Your question is excellent. Indeed, it is perhaps the key theological/philosophical reason given for rejecting universalism by non-determinists.
I must confess to being somewhat agnostic on the issue of freedom. By that I mean that whilst I affirm that humans have freewill I am not entirely decided on whether it is compatible with determinism (compatibilist notions of freedom) or not (Libertarian notions of freedom).
I am interested that you have raised this issue. I was actually going to ask you about freedom. Having thrice read the chapter on sin and freedom in your excellent new book *Body, Soul and Human Life *I was asking myself the question, “Is Joel Green a determinist?” I guessed that as a good Methodist you could not be, but it felt to me that the chapter at very least flew close to the wind. The chapter did not resolve the issue but it did raise the question for me.
Be that as it may - I think that a good Methodist who rejects determinism can also be a universalist (obviously a determinist can be one so I’ll say no more about that). My reasoning is set out in chapter 1 of the book.
On the one hand, I would say - and this is simply a fall-back position - that whilst God values human freedom and allows us to make disastrous decisions, I do not think that our Libertarian freedom is *so valuable *that God would allow us to eternally damn ourselves just in order to preserve it. This is an argument that Marilyn Adams makes with great rhetorical force. I think - and this is a theological value judgement - that if the only way for God to stop one of his beloved creatures eternally damning itself was to temporarily override its freedom then God would do it. I do not have in mind here God compelling someone to embrace him when they do not wish to, but God enabling someone to want to embrace him.
But that is simply a fall back position. In fact, I think that God will not need to do this. My arguments are drawn from Tom Talbott and Eric Reitan.
Tom explains that the kinds of freedom that we consider to be valuable involve rationality. He asks us to imagine a boy putting his hand into a fire when he has
(a) no reason whatsoever for doing this, and
(b) every reason not to.
If we saw the boy behaving in this way we would not think him free but suffering from some mental problem.
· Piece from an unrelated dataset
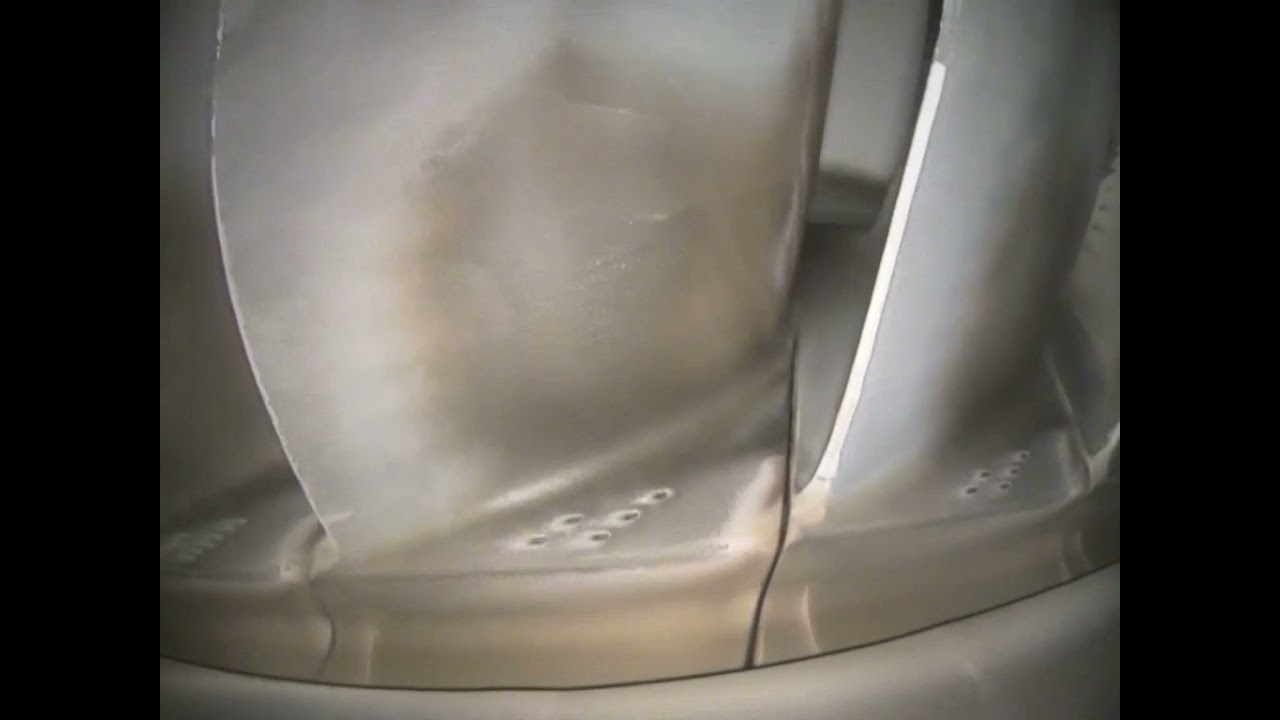 CFM56-5C HP Turbine TE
Choosing to reject salvation is analogous. The truth about the situation is that all people have
(a) no good reasons to reject salvation (if they really understood the nature the the choice), and
(b) every reason not to.
Of course, most people have various degrees of misunderstanding ragarding this gospel-choice. They fail to appreciate the goods of choosing the gospel and the dehumanization that rejecting it leads to. So choosing to reject God is not nuts because they are not making a fully informed choice. But whilst God may have good reason to allow such ignorance for a time he no obvious good reason to allow it permanently. All God has to do is to make the reality of the choice clear to people. As the ignorance is banished it makes less and less sense to imagine someone freely choosing to reject the gospel. And in the extreme case that someone is *fully informed *about the choice I think that any continuing rejection of the gospel would not be free but simply insane. The free act would be the gospel-affirming one.
If one thought that even a fully informed person, to be free, must be capable of rejecting God in theory - even though they have literally no reasons to do so and every reason not to - then I guess that we are talking about ‘freedom’ as random, non-determined actions. I see *no value whatsoever *in God preserving *that kind *of freedom. Nevertheless, even if God did do so it would only be a matter of time before the random choices of the irrational stragglers would randomly choose God (Eric Reitan develops this argument based on prabability theory).
So in sum: I think that God has ways of bringing people to the situation in which they freely (in a non-determinist sense) choose to accept him. I think most people would choose to accept God long before they were fully informed. Perhaps some would not and only an full realisation and conviction of the reality of the choice would impact them. One might not think such people totally free (if choosing the opposite was psychologically impossible) but I would suggest that not preserving the psychological possibility of choosing damnation in such cases presents no obvious problem for a Methodist.
A final thought: I sometimes wonder if the notions of freedom that we work with in such discussions are not more determined by the Enlightenment than the Bible. Freedom, for Paul, is not the ability to reject God. That is slavery to sin. Freedom is the freedom to obey God - to be, ironically, a slave of God. So ‘freely rejecting God’ would be a very odd - indeed incoherent - notion on a Pauline notion of ‘freedom’.